Using the entries below, restate word for word only the lines from the one with "The Sealed Door" to the final line, leaving the pictures out.

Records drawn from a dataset
========================================================================

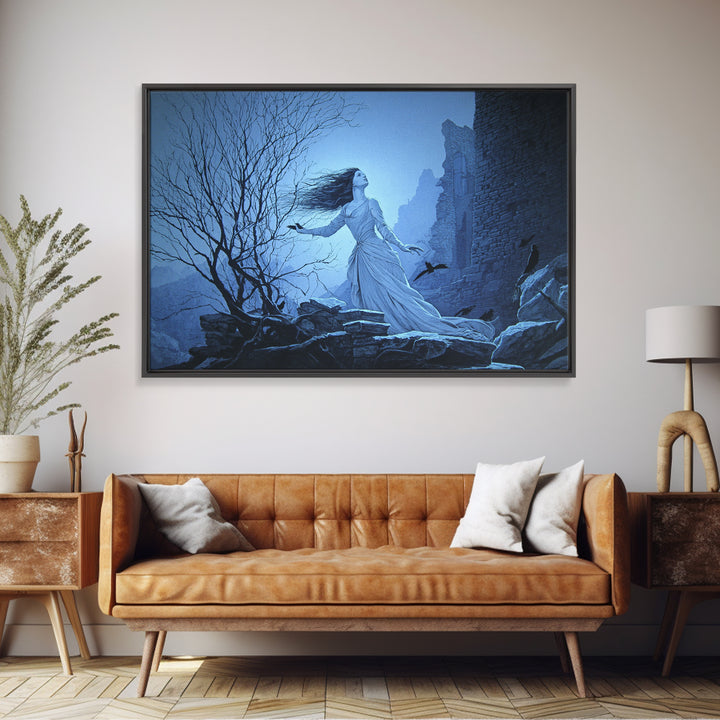 The Banshee Singer, Romantic Gothic Landscape, Landscape Wall Art, Dark Fantasy Wall Art, Canvas Print, Halloween Wall Art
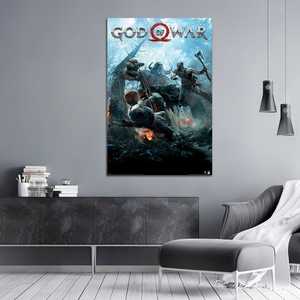 Affiche sur toile style moderne God of War avec cadre noir pour utilisation murale - Product Image 4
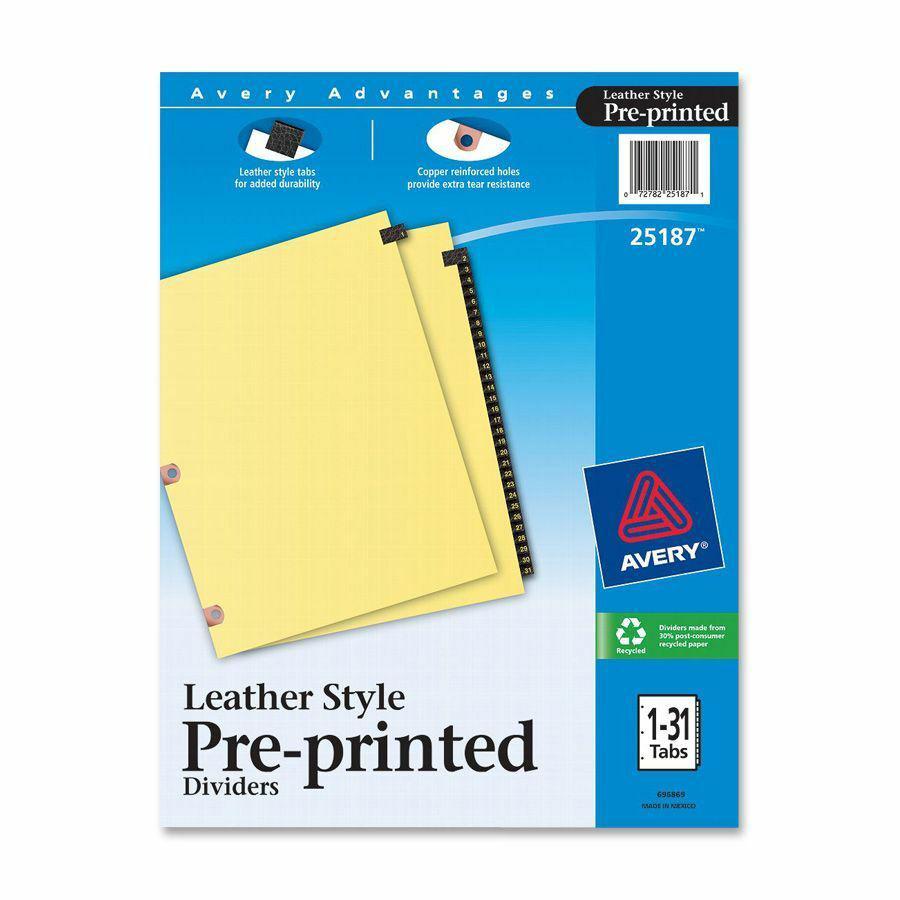 Avery&reg; Tab Divider - 31 x Divider(s) - 1-31 - 31 Tab(s)/Set - 8.5" Divider Width x 11" Divider Length - 3 Hole Punched - Buff Paper Divider - Black Paper, Leather Tab(s) - Recycled - 1. Picture 2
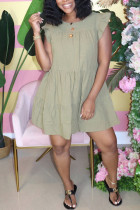 Light Green Sweet Ruffled Sleeve Sleeveless O-neck Cake Dress Knee-Length Solid Dresses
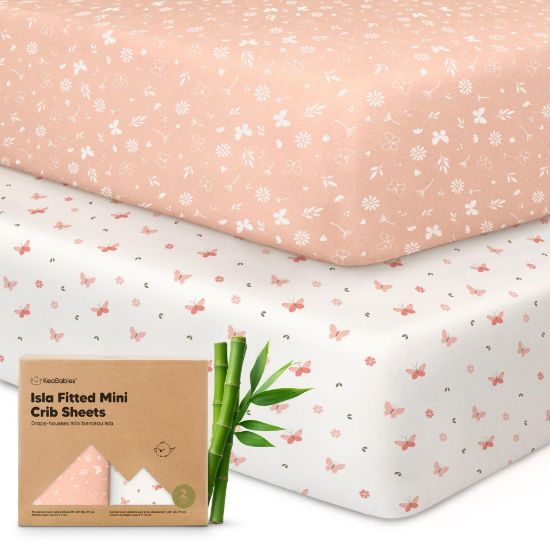 Picture of Pack and Play Sheets Fitted - 2-Pack Mini Crib Sheets for Pack N Play Mattress 38x26, Soft & Cozy, Neutral Toddler Playard Bedding, Snug Fitted Mini Baby Crib Mattress Cover Boy, Girl (Butterflies)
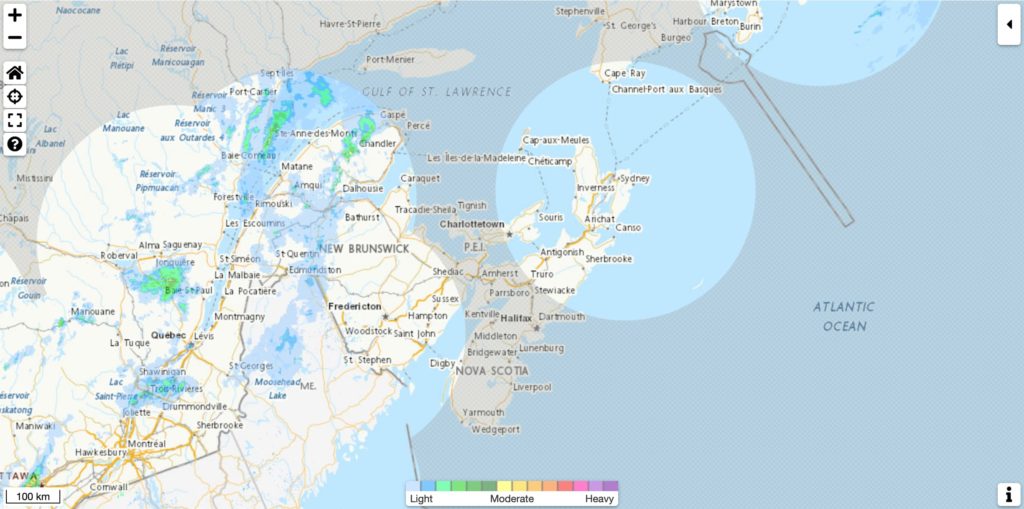 Radar map screenshot showing spots with no data around PEI and Nova Scotia
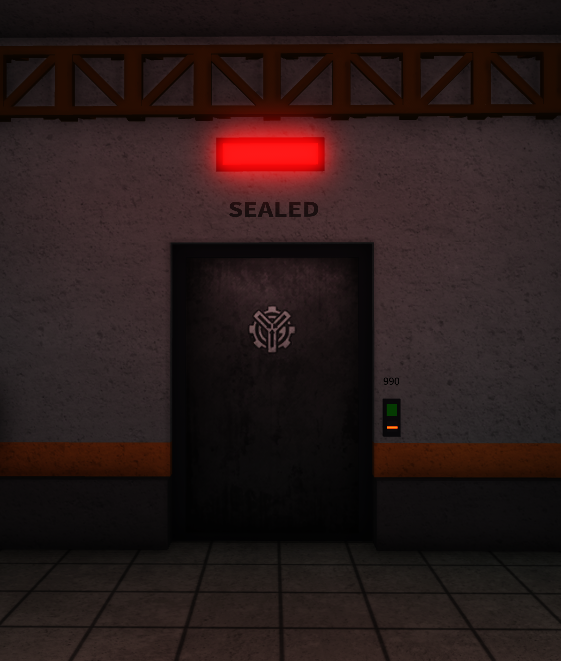 The Sealed Door Site 76 Wiki Fandom - no scoping simulator roblox door code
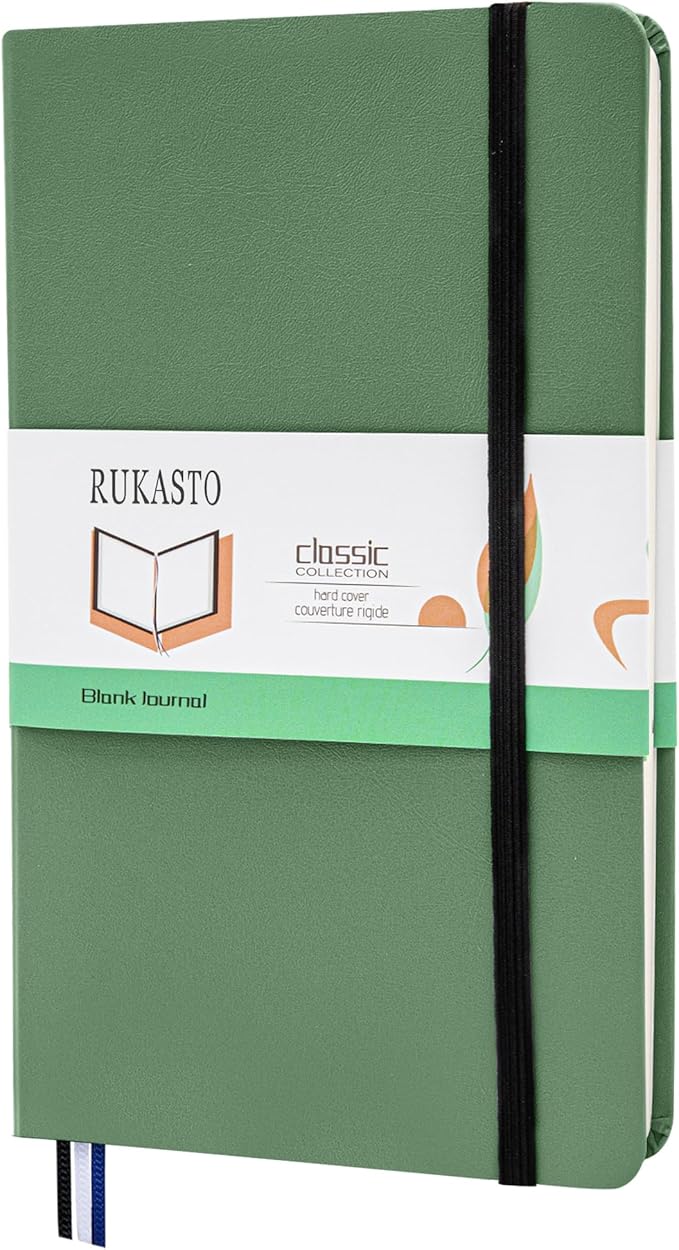 Hardcover Notebook Blank Journal Sketchbook for Drawing, Medium 5.5 by 8.4 Inch, 100 GSM Thick Paper (Green, Plain)
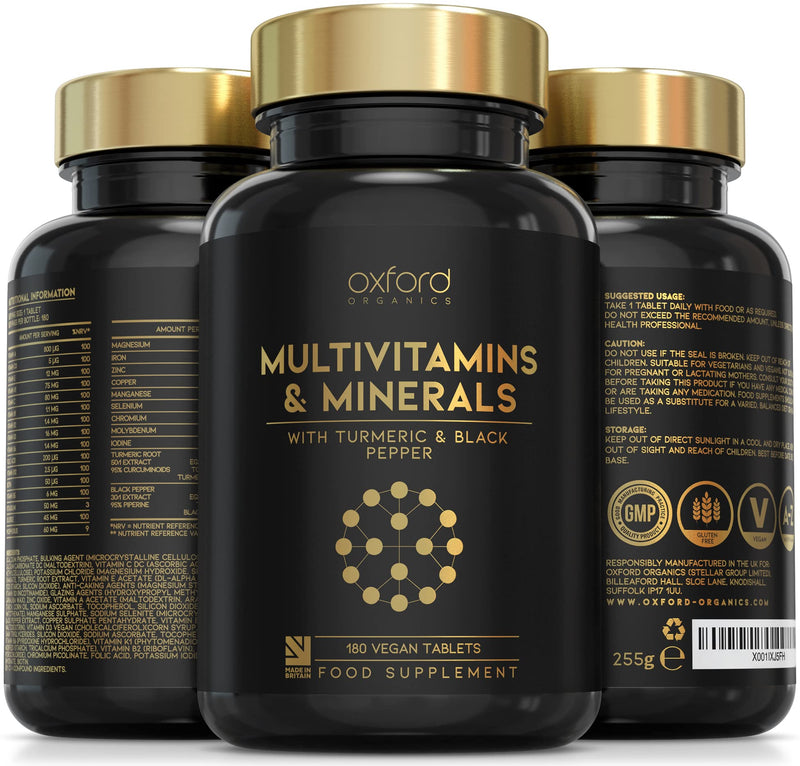 A-Z Multivitamins and Minerals boosted with Turmeric - 180 Vegan Multivitamin Tablets for Women & Men - One a day - 27 Key Nutrients - 100% NRV Multivitamin with Iron, Zinc, Vitamins B, C, D - UK Made - BeesActive Australia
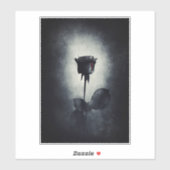 Sticker Goth Black Rose Dripping Blood (Feuille)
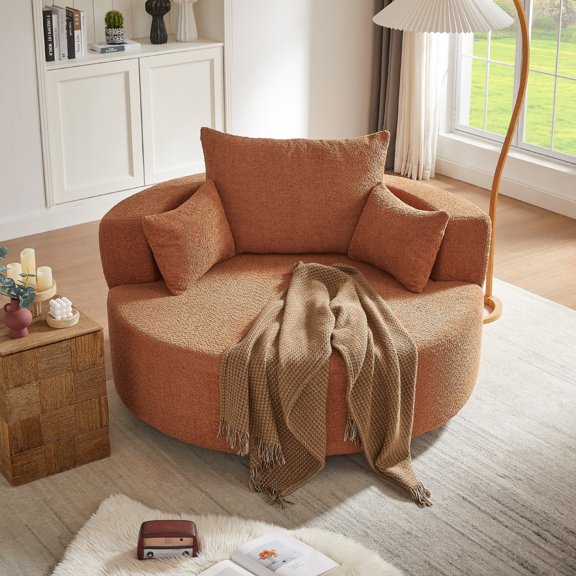 CASEMIOL 360° Swivel Accent Chair for Living Room, Modern Accent Chairs with 3 Removable Pillows, Round Barrel Sofa Chair with 36.5" Seat Depth, Comfy Reading Chair, Orange Red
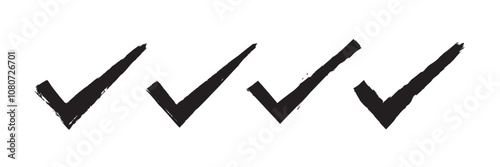 Black check mark and red cross icon set, circle, and square. Tick symbol in Black color. Hand-drawn checkmark illustration. transparent black check mark, Black circle white tick symbols,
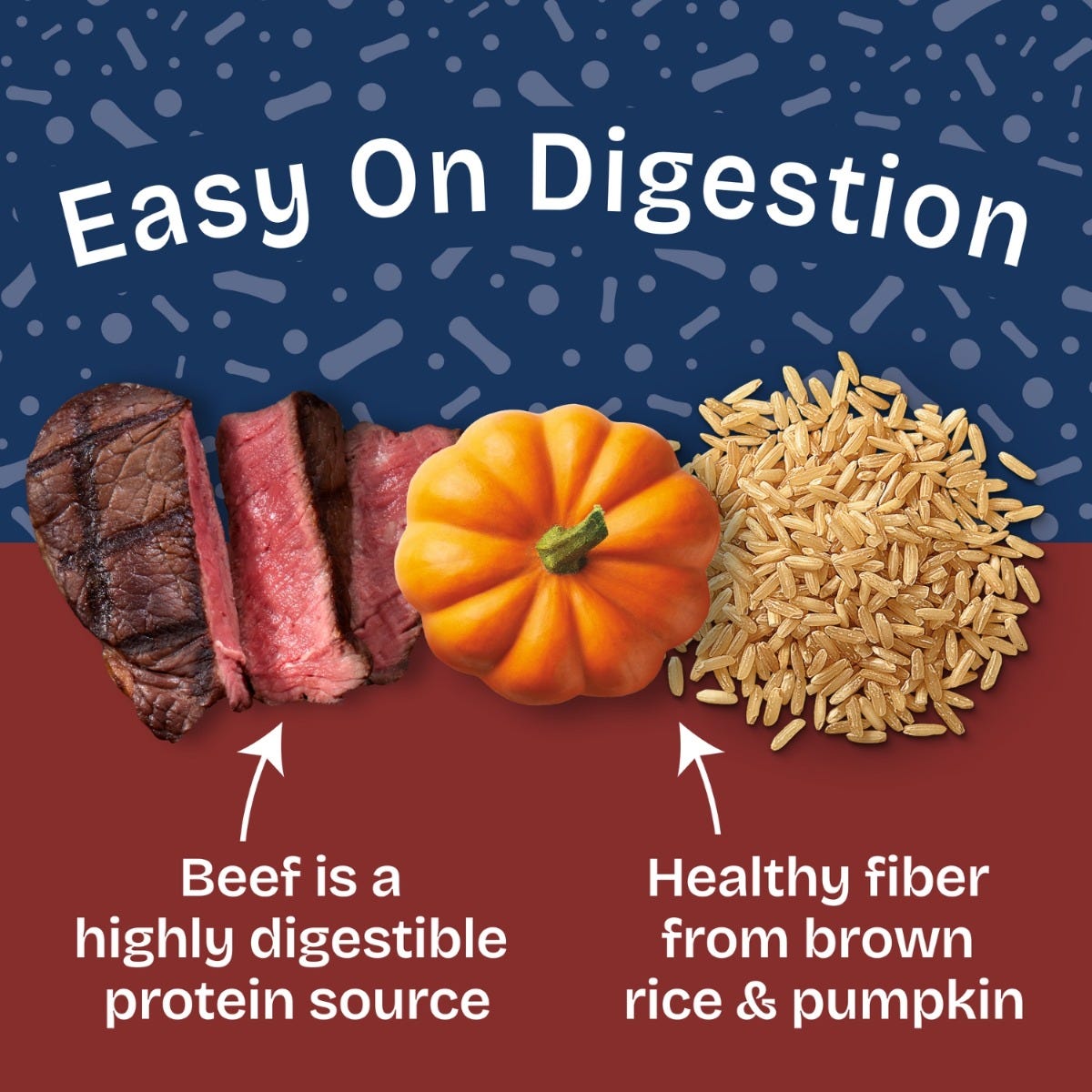 Natural Balance Health Protection Beef, Pumpkin & Brown Rice Stew Wet Dog Food - 354g - benefit banner - 'Easy On Digestion' (beef + pumpkin + brown rice) - Natural Balance - PetMax Canada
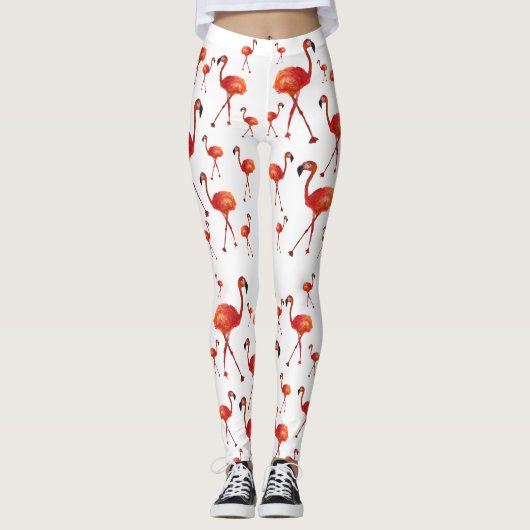 Flamingo seizoen Aangepaste Leggings (Voorkant)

========================================================================

▶ **RESULT OF THIS TASK**:
 The Sealed Door Site 76 Wiki Fandom - no scoping simulator roblox door code
 Hardcover Notebook Blank Journal Sketchbook for Drawing, Medium 5.5 by 8.4 Inch, 100 GSM Thick Paper (Green, Plain)
 A-Z Multivitamins and Minerals boosted with Turmeric - 180 Vegan Multivitamin Tablets for Women & Men - One a day - 27 Key Nutrients - 100% NRV Multivitamin with Iron, Zinc, Vitamins B, C, D - UK Made - BeesActive Australia
 Sticker Goth Black Rose Dripping Blood (Feuille)
 CASEMIOL 360° Swivel Accent Chair for Living Room, Modern Accent Chairs with 3 Removable Pillows, Round Barrel Sofa Chair with 36.5" Seat Depth, Comfy Reading Chair, Orange Red
 Black check mark and red cross icon set, circle, and square. Tick symbol in Black color. Hand-drawn checkmark illustration. transparent black check mark, Black circle white tick symbols,
 Natural Balance Health Protection Beef, Pumpkin & Brown Rice Stew Wet Dog Food - 354g - benefit banner - 'Easy On Digestion' (beef + pumpkin + brown rice) - Natural Balance - PetMax Canada
 Flamingo seizoen Aangepaste Leggings (Voorkant)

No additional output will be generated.